I have a hard time telling people how I feel. I guess that's not uncommon. A lot of people aren't very comfortable with their emotions, particularly negative ones. They can be scary and unpleasant, and communicating them can make you so vulnerable. I don't like feeling vulnerable. People might not see it, but I'm soft and squishy, like an overripe pear, and I need armor to keep my thin skin intact, to keep my guts from spilling all over the floor.
Lately I've been feeling kind of angry. At people, at circumstances...at everything and everyone, to be completely honest. And I feel like I shouldn't be angry, because nice people aren't angry, particularly when it's about something fairly petty. I mean, genocide, OK, that's something to be angry about. Not returning my phone calls? Eh, I probably shouldn't be angry about that. Annoyed, maybe, but not angry. But I am, and that's that, and I need to figure out what to do with that feeling.
But that's a problem. Because bad, scary things happen when you express anger. One of my earliest memories is of sitting in the blow-up pool in the yard one summer (I was 3? 4?) while my father was working on the house. I guess the nail he was hammering wasn't complying, because he started swearing and yelling (my father was famous for his violent acts toward inanimate objects, particlarly the toaster oven, which ended up in the trash one day after he smashed it beyond repair). Then he reached the hammer back to give the nail a mighty whack, and instead of hitting the nail, the claw part of the hammer caught the back of his head, and all of a sudden he was yelling about the gaping gash in his scalp instead of the stupid fucking nail.
Lesson learned? When you get angry, you end up in the emergency room with 10 stitches and half your hair shaved off, and you're bloody well lucky you didn't fall off the ladder and smash your skull in.
I mean, I don't literally think that--I'm not a simpleton--but a gut reaction related to that memory (and probably lots of other, less dramatic experiences) is still there, and it's hard to overcome. Better to keep things contained and just swallow it. Because if you tell someone, "Hey, I'm really pissed off you did X, Y, and Z" or "Hey, you know, I really like you and I'd like to see you more often, and I'm feeling pretty lonely and ignored," you open yourself up to...I don't even know what. Something unpredictable. Something potentially bad. Ridicule. Embarassment. Rejection. Arguments that spiral out of control. Shame. Castigation. And why invite that? Why risk it?

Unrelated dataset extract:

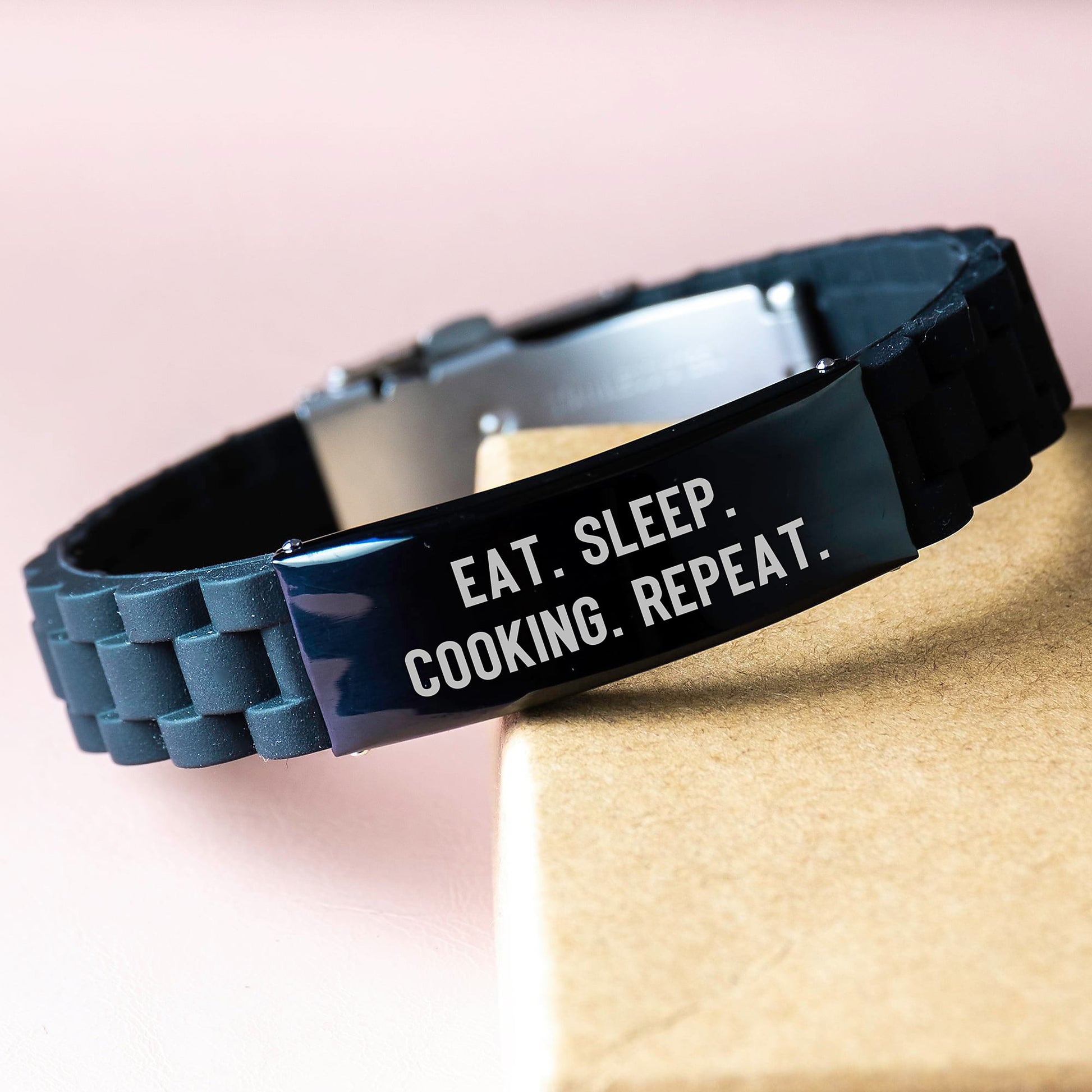 Funny Cooking Motivation Glide lock Clasp Bracelet Gifts from Friends for Men at Christmas - Image 3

Well, I know I need to risk it. Because pressure cookers need to release that pressure or they explode, and that's a whole lot messier than any number of stupid stitches in your head.

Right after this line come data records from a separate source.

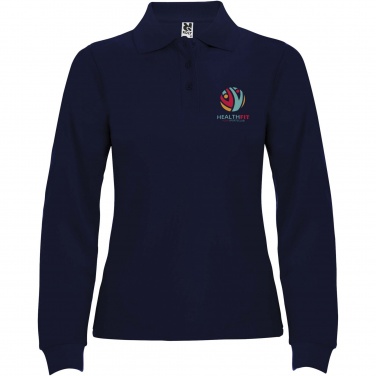 Logo trade promotional gifts picture of: Estrella long sleeve women's polo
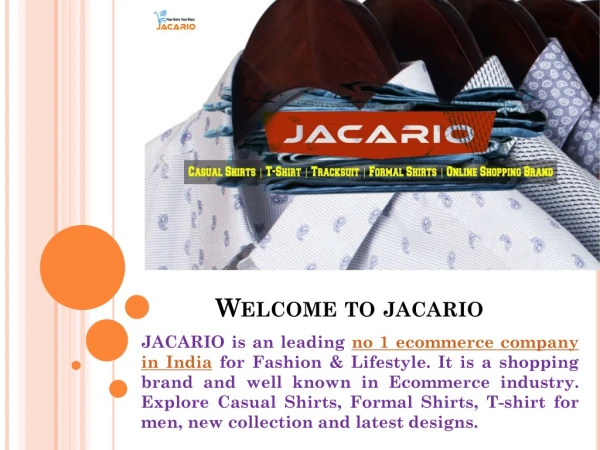Online shopping store – Jacario: No1 Online Shopping Site in India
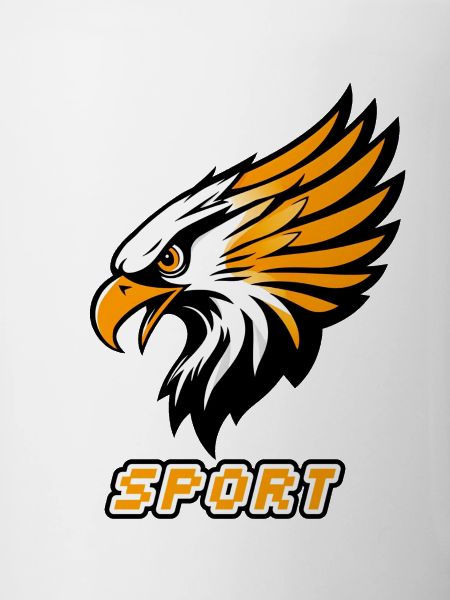 Sports Eagle Orange White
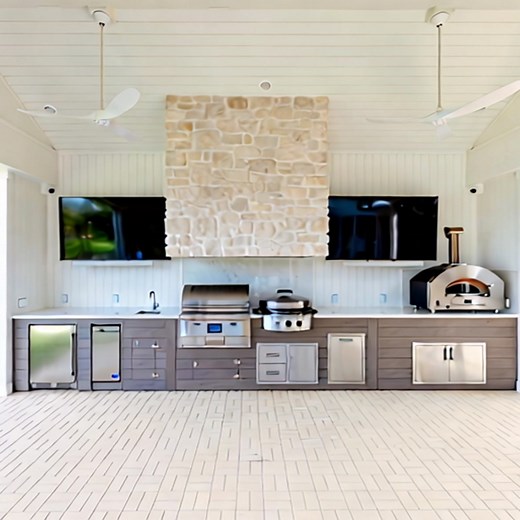 The best moments happen outside. Let’s build a custom outdoor kitchen that brings family and friends together all year long! Designed for Florida living and built to last. | Complete Outdoor Living | Facebook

Posted by thevieve at December 13, 2005 10:28 AMIt's often necessary to gut check some monkey who is actin' a daggone fool without explanation. I'm all for clueing them in on what you feel, V. If you don't, that feeling could hurt you on some other format -- like the way feelings can lead to negative physical manifestations. My #1 favorite is when being down leads to the exact same symptoms as food poisoning, but ends up being alot worse. Big league. Get them feelings out, girl and save yourself downtime.